A couple of points. I read the article as focusing on what would now be non-traditional experiences that the men in the article had. Lots of experiences are good and I know a number of people who had a variety of experiences. A friend who is an ER doc had several jobs after college (and was a Dead Head) before going to a baccalaureate program and then to med school. ShawWife joined, under age, a Canadian paraprofessional program (like the Peach Corps) and was stationed first in Northern Canada with tribes and then in Fiji when she was 16. They told they knew she was lying about her age but she was so engaging and entertaining that they accepted her anyway (imagine that happening now). At 14(?), she and a friend rode their bicycles from Montreal to the Gaspe Peninsula without parental permission. When it was time to get back to school, her dad said, “You got yourself out there. You can figure a way to get back.” Others spent a year of a few years doing being artisans, etc.
The article is filled with unjustified assertions like no modern actor is as interesting as Steve McQueen or no modern novels are equal to Hemingway and that modern authors only “imagine the keenest dramas of the human experience would be like” because they have no real experience, etc.). But the main assertion is that the reason that today’s generation is uninteresting is somehow that “guys who grew up in the suburbs typically don’t have the skills, know-how, or simply the confidence to try their hand at those kinds of pursuits, and they don’t know who to ask or where to go to even explore the possibility.”
I think the reasons have much more to do with the much more competitive economy that we have (partly as a result of globalization) and the higher cost of living (driven in part by high real estate prices that are driven in part by many years of central bank liquidity keeping markets afloat). In a more global, more competitive market, credentials became more important in terms of signalling. So taking three years to bum around and make money in various ways would now count against you in a way that it might well not have 50 years ago. I wonder if my friend the ER doc (who is on the faculty of an august medical school) would be able to get in to med school today with his varied post-college work experience.

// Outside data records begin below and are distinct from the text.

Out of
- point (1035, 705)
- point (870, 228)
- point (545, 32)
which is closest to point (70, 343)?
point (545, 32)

I can imagine that in today’s world, parents might have said “Wait, you are going to spend 6 months in an Indian reserve in Northern Canada and then 6 months in a village of Fiji that is so remote you have to take a plane, a boat and a dugout canoe to get to it (and that had had no or almost no Caucasian visitors).” Will that be safe? How will it look for your college or grad school applications? Couldn’t you do something more valuable with your time? Per someone’s comments, it is part of what makes ShawWife such an interesting character (although there is a lot more).
Those experiences do help. Psychologists have done many studies trying to see which traits (openness, Machiavellianness, gender, race, …) predict who will be a good negotiator. Roughly speaking, there are no real effects except one: People who have lived in another culture tend to be better negotiators. This is probably because it is easier to put themselves in minds of other people, which they have to do when they live in another culture. So, this would distinguish tourism and semesters abroad with lots of other Americans from real experience living and working in Italy or the Czech Republic or Cameroon.
I feel the same way. Also, maybe some people would like to travel, but can’t. I don’t mean to sound rude, but I know people who have been all over the world who aren’t really that interesting. Also, some people just like to travel so they can check off boxes and brag. To each their own, but I don’t think travel automatically makes someone interesting.
With helicopter parenting being the norm (and often enforced when free range parents get accused of child endangerment), that type of thing would seem outlandish in the US today.
Medical schools may still look favorably at some kinds of non-traditional experiences, although not at the expense of the expected pre-med experiences.
However, it may be harder these days to do odd or generic labor jobs as a migrant worker to earn enough money for “interesting” travel experiences.
It was very popular in my day to go to Australia which has a specific visa for backpackers permitting them to do farm work and travel around the country for a year (https://immi.homeaffairs.gov.au/visas/getting-a-visa/visa-listing/work-holiday-417/first-working-holiday-417#Overview). I think it’s still quite common in the UK and Europe to do this. But it doesn’t include US passport holders and I’m not sure many Americans are looking for poorly paid, backbreaking labor anyway - hence why I guess there’s presumably not been demand to make US passport holders eligible.
These really don’t seem to be unusual jobs to me. There are plenty of kids who work on farms, do circus arts (very popular in my area), one of my millennial nephews rode the rails and hitchhiked and passed bad checks (don’t think it made him more interesting, though), plenty of young men get arrested still, join the military, work in construction, work in automotive shops, and work retail.
I mean, nobody is selling encyclopedias door to door any more, but I do have plenty of young people working for non-profits (usually environmental groups) knocking on my door. They get paid to do that! I know there are kids who work maintaining trails (not lumberjacking exactly, but there are probably some that do that too).
What makes an “interesting generation” is the times they live in and how they respond to the circumstances with which they are confronted. And then the final consequences of the decisions they made.